Return exactly, with nothing added, the lines from the one that contains "каннабис Кингисепп" through the end of the listing below, pictures excluded.

**SUPPLIED INFORMATION:**
------------
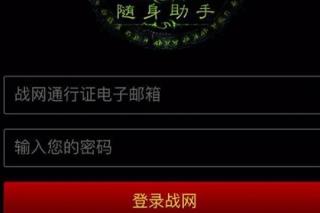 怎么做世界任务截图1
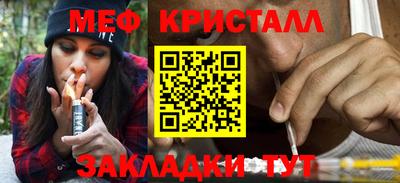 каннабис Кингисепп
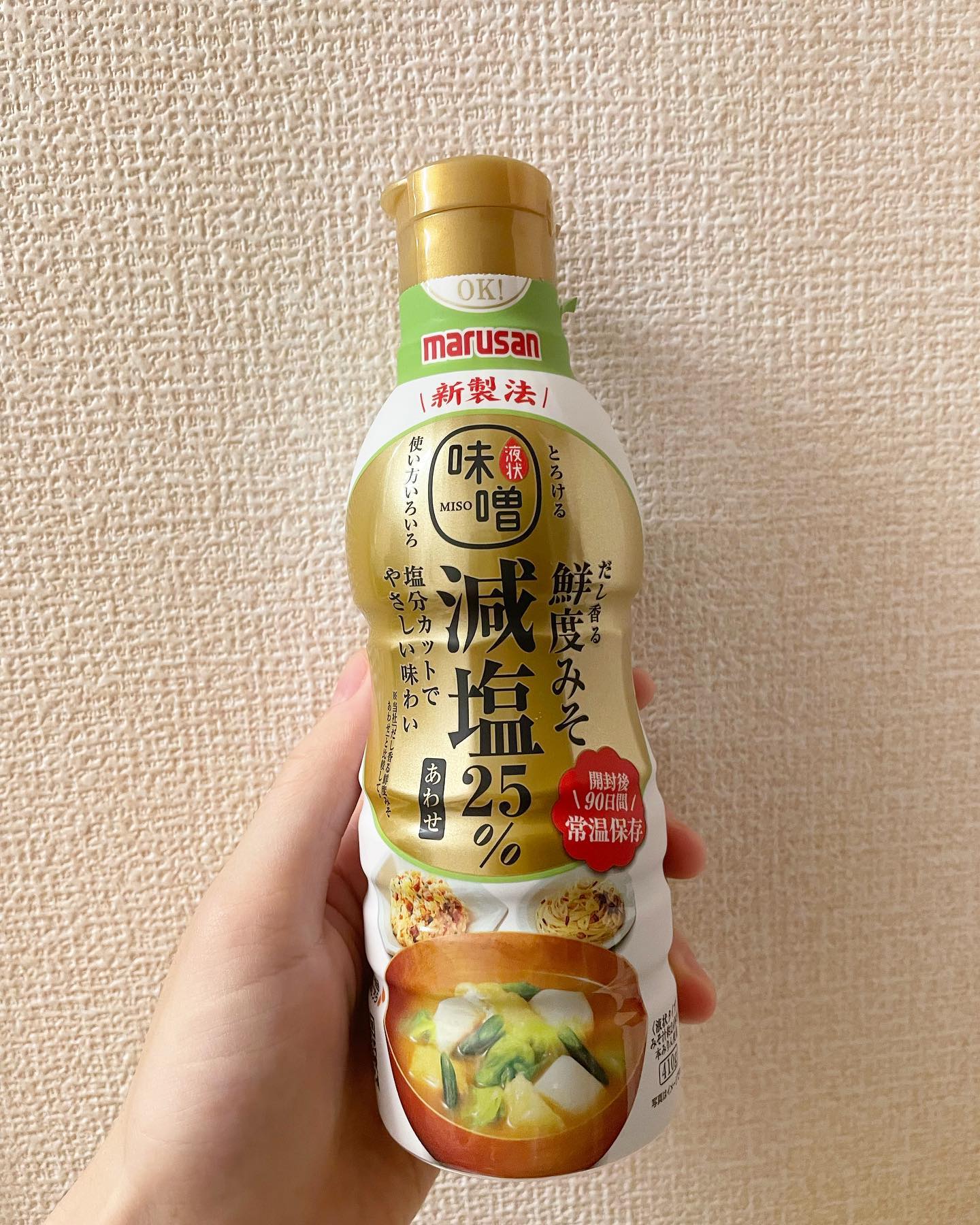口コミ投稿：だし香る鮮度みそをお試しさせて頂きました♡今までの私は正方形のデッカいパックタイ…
------------
**RESULT:**
 каннабис Кингисепп
口コミ投稿：だし香る鮮度みそをお試しさせて頂きました♡今までの私は正方形のデッカいパックタイ…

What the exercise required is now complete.